LA STORIOGRAFIA DEL SEICENTO

LA STORIOGRAFIA DEL SEICENTO


La storiografia del Seicento è dominata, come quella rinascimentale, dall’interesse della politica come scienza e come tecnica e pone in secondo piano la tendenza letteraria e umanistica, cioè il racconto dei fatti condotto in stile elevato, e lo scopo celebrativo di presentarsi come insegnamento storico.

La storiografia di questo periodo è volta allo studio della “ragione di stato”. Tra gli storiografi è importante la figura di Paolo Sarpi, che a Venezia, in qualità di teologo e di canonista della Repubblica, condusse la sua grande battaglia politica e religiosa contro le pretese di dominio temporale della Chiesa.

Avendo Venezia sottoposto a giudizio, rifiutandosi di consegnarli ad un tribunale ecclesiastico, due preti, colpevoli dei delitti comuni, il papa Paolo V lanciò l’interdetto contro la città, che il Sarpi difese con una serrata polemica giuridica e teologica, finché si giunse ad una pace di compromesso.

Le vicende connesse all’interdetto sono narrate nella “Istoria particolare delle cose passate tra il sommo pontefice Paolo V e la Serenissima Repubblica di Venezia” In quest’opera il Sarpi afferma come la lotta con il pontefice fu sentita come un’occasione provvidenziale per tentare la riforma della Chiesa.

C’era per lui un’antitesi netta tra la Chiesa primitiva, fedele allo spirito del Vangelo, organizzata democraticamente con un clero cioè eletto dai fedeli e quella attuale, temporalistica, teocratica e mondana, organizzata in forma assolutistica e totalitaria, soprattutto dopo il concilio tridentino che aveva affermato il predominio assoluto del papa.
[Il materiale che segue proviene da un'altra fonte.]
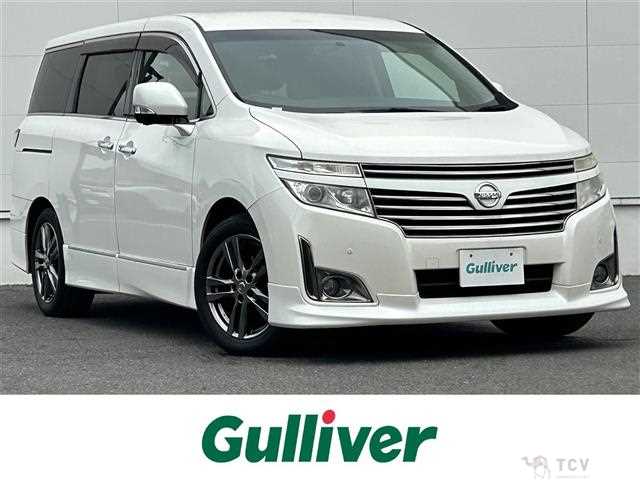 2012 Nissan Elgrand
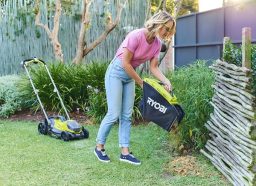 Image du fabricant 9 du Tondeuse RYOBI sans fil 18V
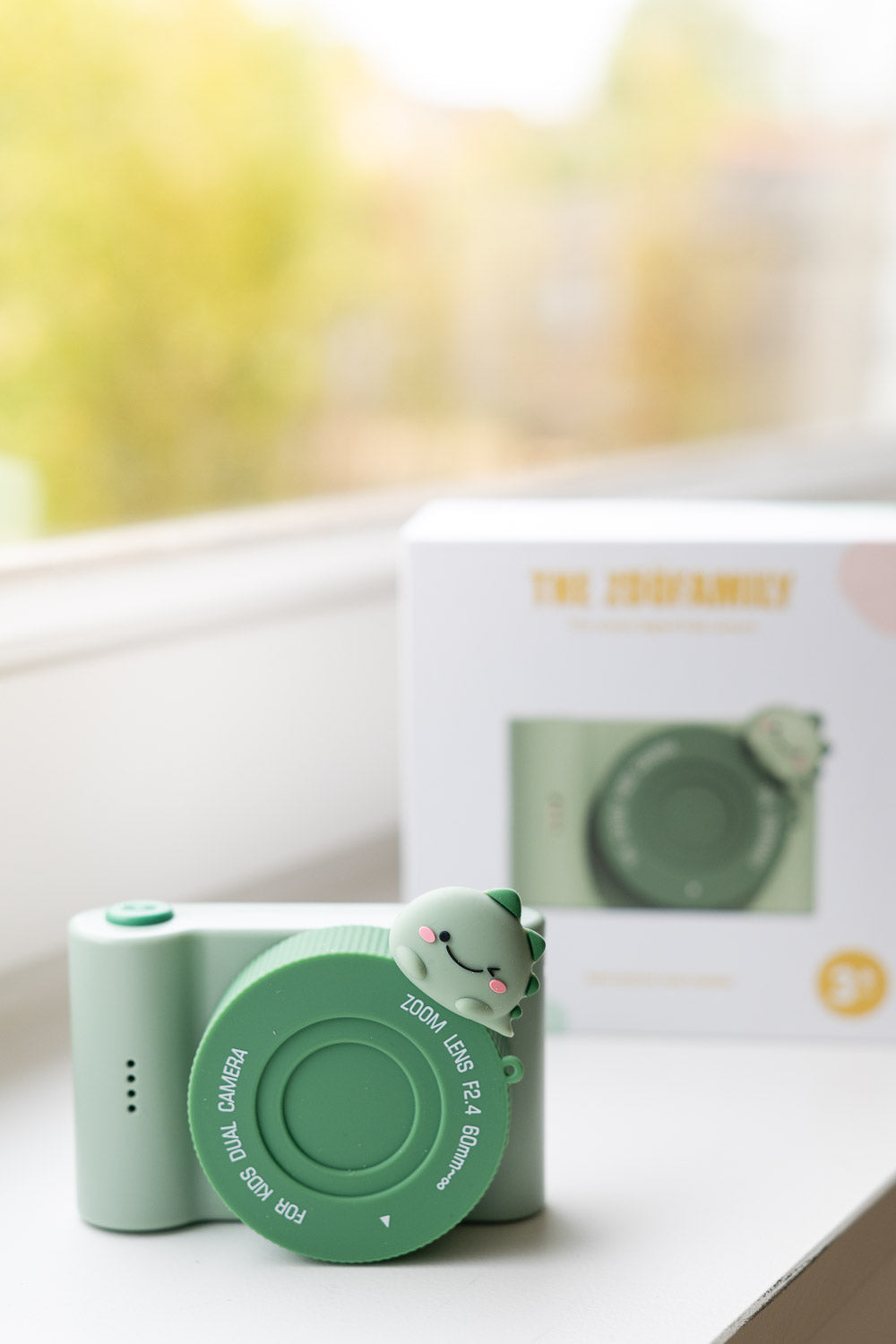 The Zoofamily-C5-Urban-Zoo-Digitalkamera-Dino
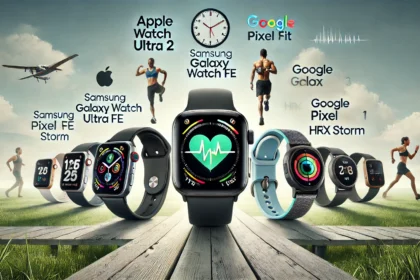 Best smartwatch for health tracking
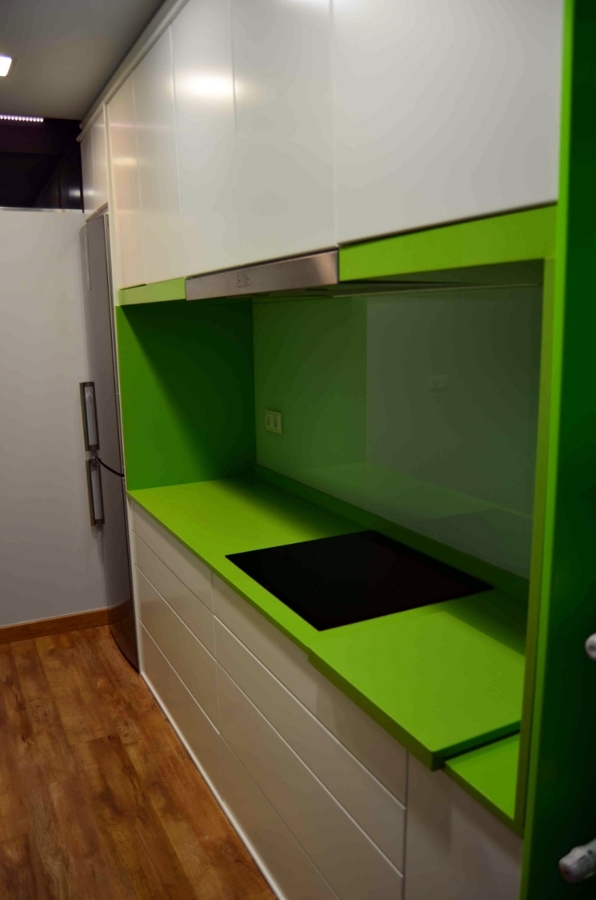 Adecuación de Cocina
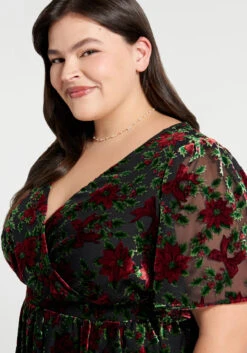 Flutterly Fabulous A-Line Dress -Molly Bracken Clothing Shop 206494 a0023 7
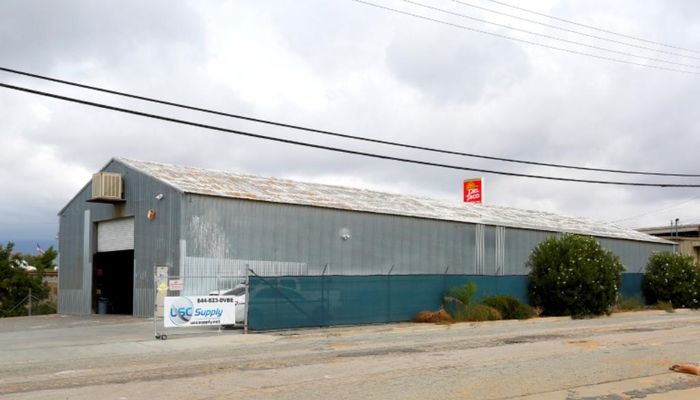 Warehouse Space for Rent at 320 E. 3rd St. Beaumont, CA 92223 - #1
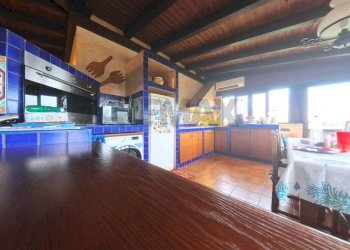 Sala da pranzo - Villa Contrada Paternella
 
96, Terrasini - foto 7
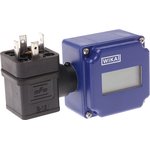 Hydraulic Pressure Indicator 7082534, 4 → 20mA, L-Plug Connection Type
Il Sarpi vagheggiava un distacco netto tra il potere temporale e quello spirituale, ambedue stabiliti, secondo lui da Dio. La Chiesa avrebbe dovuto occuparsi della missione spirituale; lo Stato doveva essere pienamente sovrano e indipendente da ogni autorità del clero, custode della libera vita religiosa.

A questi ideali si ispirò il Sarpi nella “Istoria del concilio Tridentino”. Essa racconta la storia del lungo concilio. Non è però come il Sarpi si riprometteva, opera oggettiva e imparziale, ma tutta pervasa, nonostante il rigore della documentazione, da un’interpretazione tendenziosa dei fatti. Il Sarpi intende mostrare come il concilio abbia fallito il suo scopo, che era quello di rinnovare attraverso un’autentica riforma spirituale, l’unità cristiana di cattolici e protestanti.

Secondo lui il concilio di Trento ha reso irreparabile la divisione della cristianità, consolidando l’assolutismo pontificio e la politicizzazione della Chiesa di Roma; il concilio secondo lui non è stato mosso da motivi religiosi ma politici.

Di segno opposto a quella del Sarpi è la “Istoria del concilio di Trento” del cardinale Pietro Sforza Pallavicino. Il lavoro scritto per incarico curiale è tutto teso a confutare la tesi dello storico veneziano con un’abbondanza di documentazione inedita tratta dagli archivi del Vaticano. Quest’opera esalta la funzione temporale della Chiesa e le scelte tridentine.